### INSTRUCTIONS FOR THE TASK
Beginning with the line that contains "US28 Antibody" and ending with the line that contains "berada pada tapak aktif", reproduce the lines of the entries below exactly, omitting pictures.

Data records
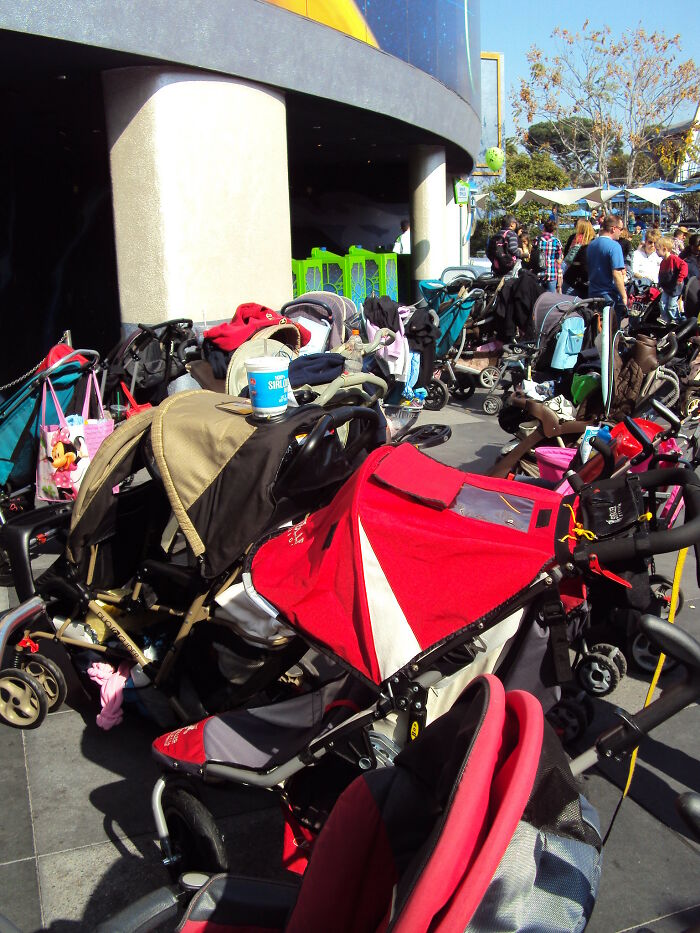 This Viral Thread Has People Pointing Out The Biggest ‘Traps’ In Life That Many Fall Into, And Here Are 30 Of Them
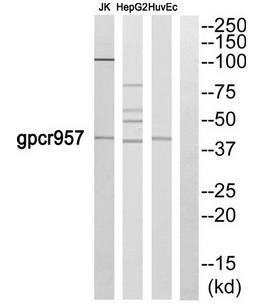 US28 Antibody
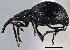  ( - CNC COLEO 00160772)  @12 [ ] CreativeCommons - Attribution (2013) CBG Photography Group Centre for Biodiversity Genomics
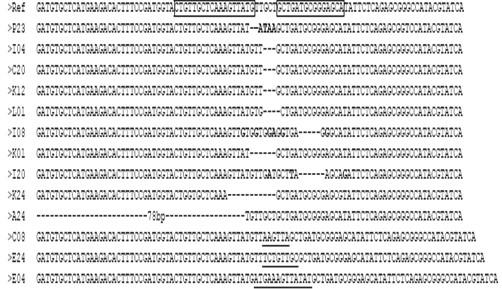 Silkworm fibroin heavy-chain gene mutation sequence and mutation method and application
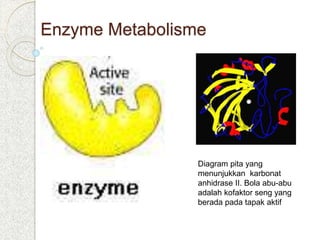 Enzyme Metabolisme
Diagram pita yang
menunjukkan karbonat
anhidrase II. Bola abu-abu
adalah kofaktor seng yang
berada pada tapak aktif
 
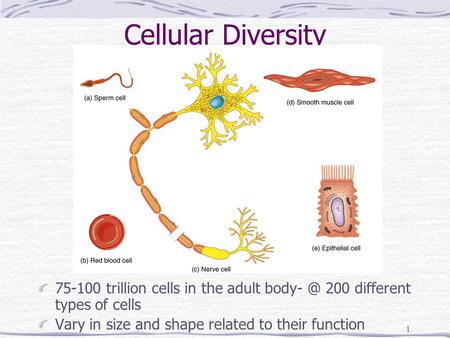 1 Cellular Diversity 75-100 trillion cells in the adult 200 different types of cells Vary in size and shape related to their function.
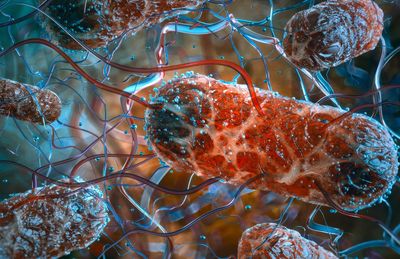 Close-up digital illustration of bacteria with flagella.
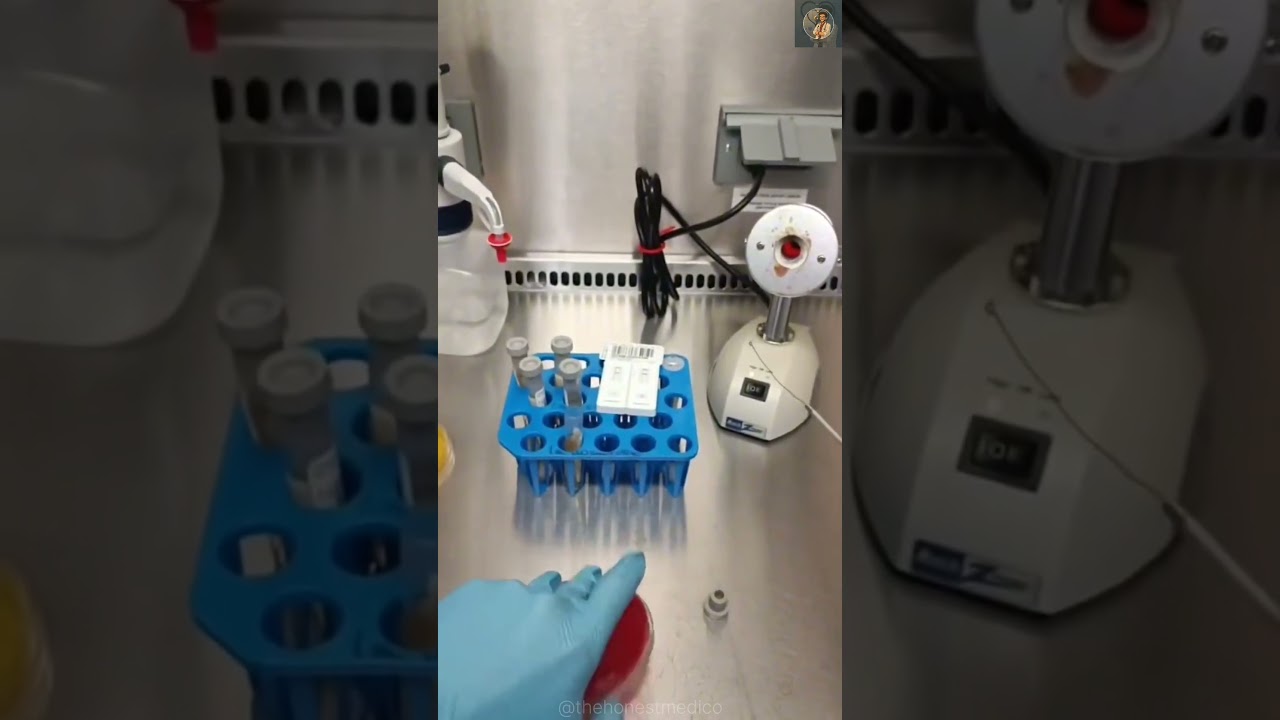 Medical College Lab #song #love #music #aiimsdelhi #funny #neetaspirents #neet #mbbs #viral #shorts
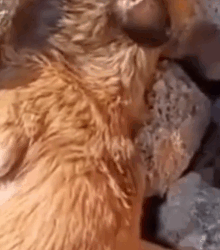 parte 499 rescue dog❤️ #dog#rescue#puppy#animals #fyp#foryou#viraltiktok @tanamargareta_part2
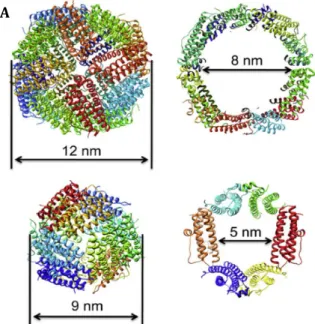 Figure 1.2 - Sizes and ribbon diagrams of exterior surface (left) and interior cavity (right) of a maxi and a  mini-ferritin proteins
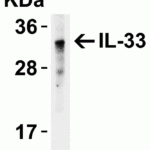 <strong>Figure 4 Western Blot Validation of IL-33 in Human Lung</strong><br>Loading: 15. μg of human lung lysateAntibodies: IL-33, 4273, 2 μg/mL , 1h incubation at RT in 5% NFDM/TBST.Secondary: Goat anti-rabbit IgG HRP conjugate at 1:10000 dilution.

### RESULT FOR THIS TASK
 US28 Antibody
  ( - CNC COLEO 00160772)  @12 [ ] CreativeCommons - Attribution (2013) CBG Photography Group Centre for Biodiversity Genomics
 Silkworm fibroin heavy-chain gene mutation sequence and mutation method and application
 Enzyme Metabolisme
Diagram pita yang
menunjukkan karbonat
anhidrase II. Bola abu-abu
adalah kofaktor seng yang
berada pada tapak aktif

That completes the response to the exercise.